Walpole in a nutshell

A birdseye view of Walpole township, Walpole Inlet, Nornalup Inlet, and the Southern Ocean.

A birdseye view of Walpole township, Walpole Inlet, Nornalup Inlet, and the Southern Ocean.

Walpole is the gateway to the Walpole Wilderness, a group of conservation reserves featuring vast tracts of jarrah, tingle and karri old-growth forests, including the majestic 400-year-old sentinels of the ‘Valley of the Giants’.

The town is located on the 100-hectare Walpole-Nornalup fresh water inlet, and the pristine picture of unspoiled nature is completed by heathlands and wetlands, sandy beaches, and sheer cliffs overlooking the Southern Ocean.

Some 325,000 ha in extent, the wilderness area is traversed by the Bibbulmun Track, one of the world’s great long distance walk trails, stretching nearly 1000 km from Kalamunda in the Perth Hills, to Albany in the south.
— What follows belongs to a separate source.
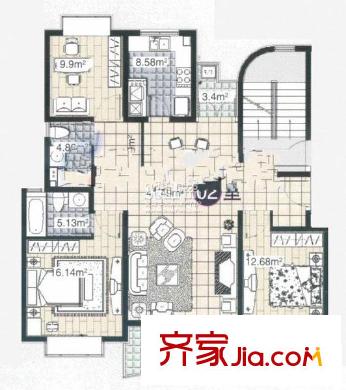 祥和星宇花园户型图100平米户型图 3室2厅2卫1厨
The area, which was home to the Noongar people before the arrival of the first European settlers, is now linked into a contiguous conservation reserve system stretching from near Augusta in the West to Denmark in the East.

Located some 400 km South of Perth and 66 km West of Denmark, the town had a population of 567 as at the 2011 census and takes its name from the Walpole Inlet, which in turn is named for the Walpole River, first mapped in 1831 by Captain Thomas Bannister and named by Governor Stirling for Captain William Walpole, with whom he had served aboard HMS Warspite in 1808.